Retype the lines of the material below, exactly and only, from the one containing "4 Bedroom House Leeds Leeds 97388594" through the last line, with pictures left out.

[Records provided]

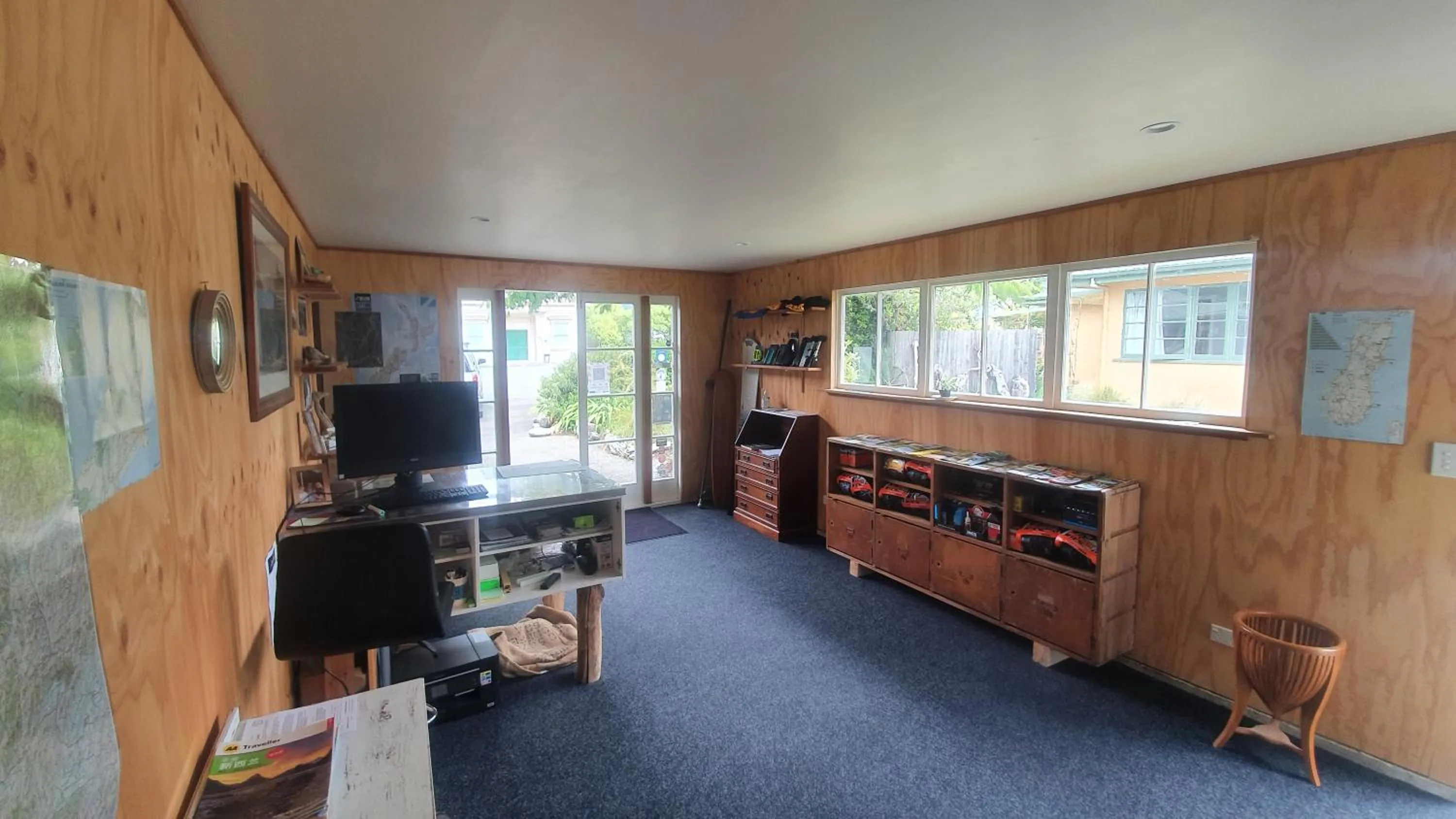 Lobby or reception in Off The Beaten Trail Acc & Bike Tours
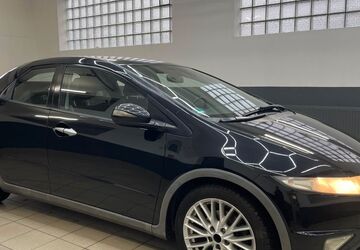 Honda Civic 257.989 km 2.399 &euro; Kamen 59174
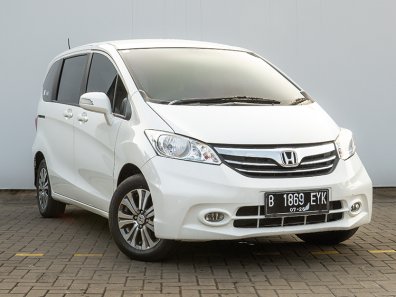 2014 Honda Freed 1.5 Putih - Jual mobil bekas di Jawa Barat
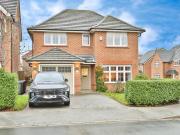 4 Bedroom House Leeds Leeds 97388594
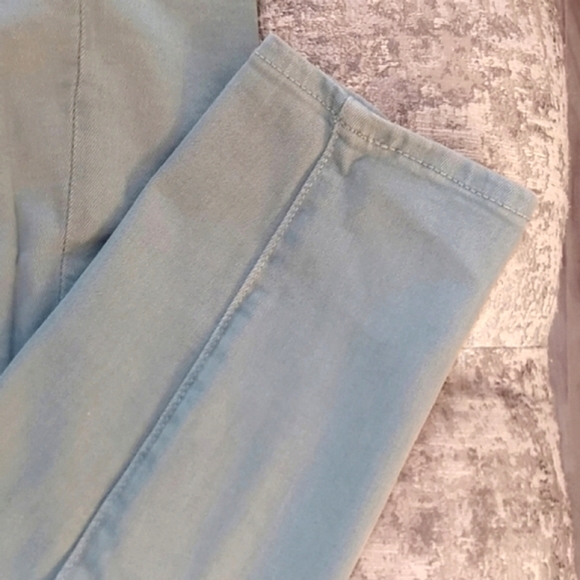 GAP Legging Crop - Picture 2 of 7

[/Records provided]

- _Solution_
 4 Bedroom House Leeds Leeds 97388594
 GAP Legging Crop - Picture 2 of 7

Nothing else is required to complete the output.